Phú Thị was established in 2014 as one among various attempts to revive ca trù (which is also called ả đào, or “song of the songstresses”), an ancient sung poetry and music genre of Vietnam, after it was inscribed on the UNESCO List of Intangible Cultural Heritage in Need of Urgent Safeguarding in 2009. Nguyễn Kim Ngọc, active member of the Phú Thị group, is the daughter of a renowned Hanoi-based folk musician. She herself was a student of the Vietnam National Academy of Music (VNAM), majoring in đàn nguyệt (four-stringed moon-shaped lute), from 2003 to 2010. Vietnamese folk music has always been indispensable to Ngọc’s personal life and her career orientation. Yet, she never thought she would become a ca trù singer until her teacher at VNAM, Phạm Thị Huệ, the first female đàn đáy lutenist in Vietnam, invited her to join the Thăng Long ca trù club founded by Huệ in 2008.
In addition to Ngọc’s participation, Vũ Thùy Linh, another student from VNAM, also started to learn ca trù with the support of Thăng Long. The time Ngọc and Linh spent with Thăng Long was short, and they were only introduced to basic ca trù singing techniques; yet it was so intriguing that it led both of them to a deeper commitment to ca trù. Ngọc and Linh sought to meet and learn ca trù from Master Nguyễn Thị Chúc, who was in her late seventies at that time. Master Chúc used the traditional way of teaching—oral transmission—to hand down her mastery of singing techniques, ca trù repertoire, and song texts to Ngọc and Linh. The young girls gradually learned difficult breathing and vibrato techniques as well as the ability to harmoniously sing and tap out a rhythm on a small bar made of bamboo at the same time. They kept learning ca trù with Master Chúc until 2014 when she passed away. To keep Master Chúc’s artistic legacy alive, Ngọc, Linh, and an instrumentalist, Phạm Đình Hoàng, who learned đàn đáy lute directly from Master Nguyễn Phú Đẹ, decided to found the Phú Thị ca trù group. The Phú Thị name was taken after the middle names of the two Masters — Nguyễn Phú Đẹ and Nguyễn Thị Chúc.

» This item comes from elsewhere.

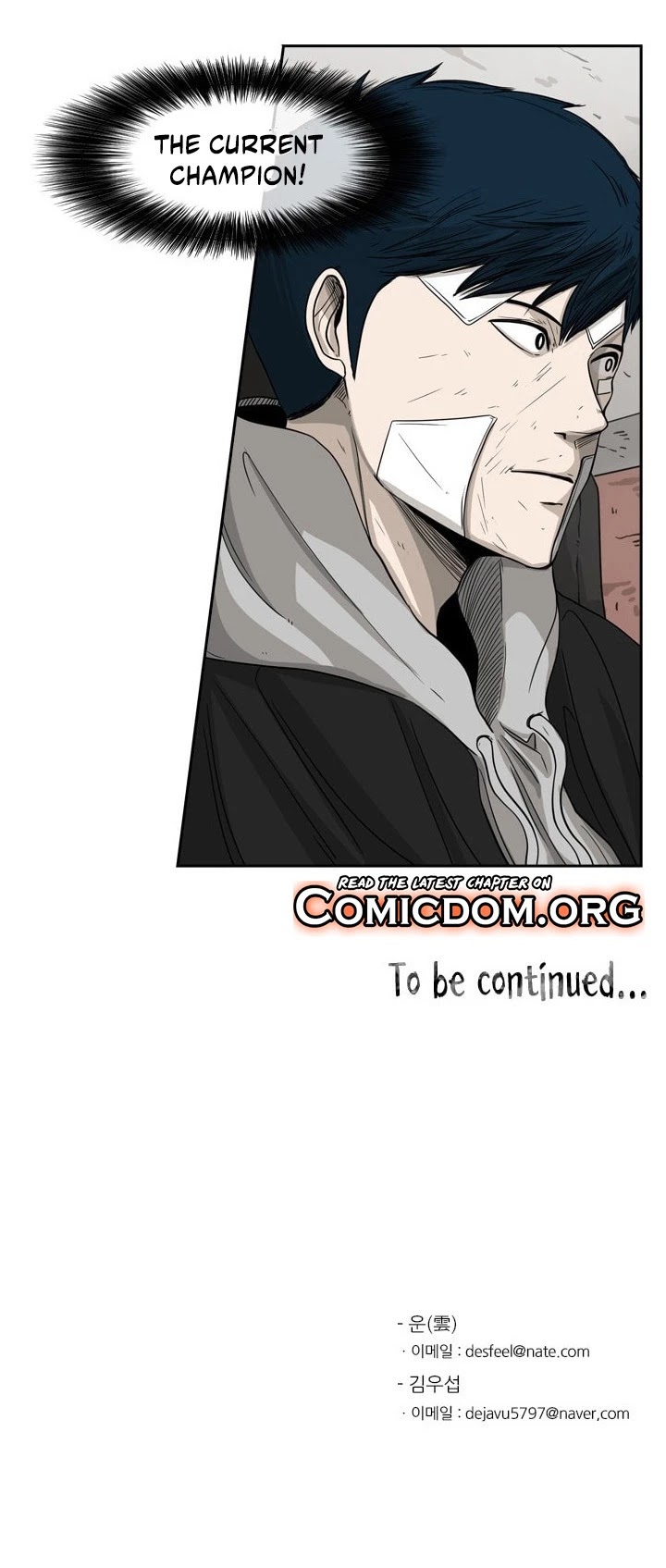Read Shark EN Manga Online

While Phú Thị has performed at many cultural events, and they were even honored with several awards at national festivals of ca trù, Night of Ả Đào Khâm Thiên marked the first time they performed in Khâm Thiên Street, a location that has long been part of the history of ca trù. During the first half of the twentieth century, Khâm Thiên was home to countless singing bars (ca quán) where urban elites and intellectuals came to seek enjoyment from ca trù singing sessions. The proliferation of singing bars in Khâm Thiên and other streets in Hanoi during that time marked another development path of ca trù as a form of entertainment performed by professional artists beside other preexisting forms such as hát cửa đình (worship singing in village communal house), hát thi (singing contests), and hát cửa quyền (singing in royal palaces).

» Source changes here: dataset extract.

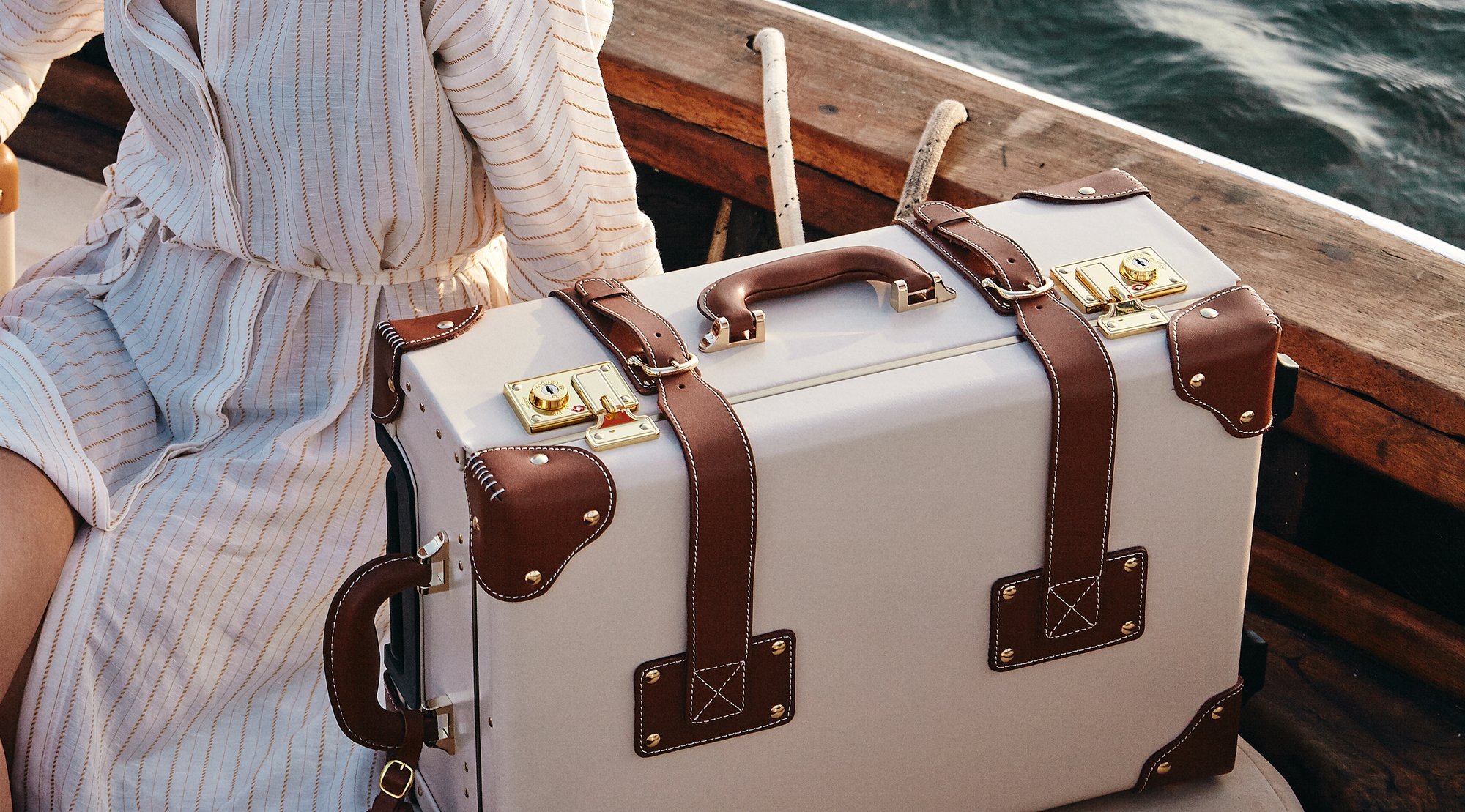 除了rimowa还有什么牌子,除了rimovatumi之外的旅行箱推荐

The performance venue is somewhat spiritually significant to the members of Phú Thị. “I can feel the continuity with the past while singing beautiful ca trù songs in this teahouse on Khâm Thiên street,” says Nguyễn Kim Ngọc. Moreover, with performance sessions to be held every second and fourth Sunday of each month, Ngọc and Phú Thị consider it an opportunity to meet with the audience more often than they have done before.
At the first two sessions of Night of Ả Đào Khâm Thiên in August (11 and 25), the 55-seat auditorium in Cao Sơn Tea Room was filled to its capacity. Nguyễn Kim Ngọc says: “Even though there are still many challenges to the safeguarding and revival of ca trù, because it had fallen into oblivion for so long, seeing more and more people coming to ca trù performances today makes us happy. We hope people will understand and appreciate ca trù not as something from the past but something that they can enjoy presently.”
The third and fourth sessions of Night of Ả Đào Khâm Thiên were held in September 8 and 22, respectively.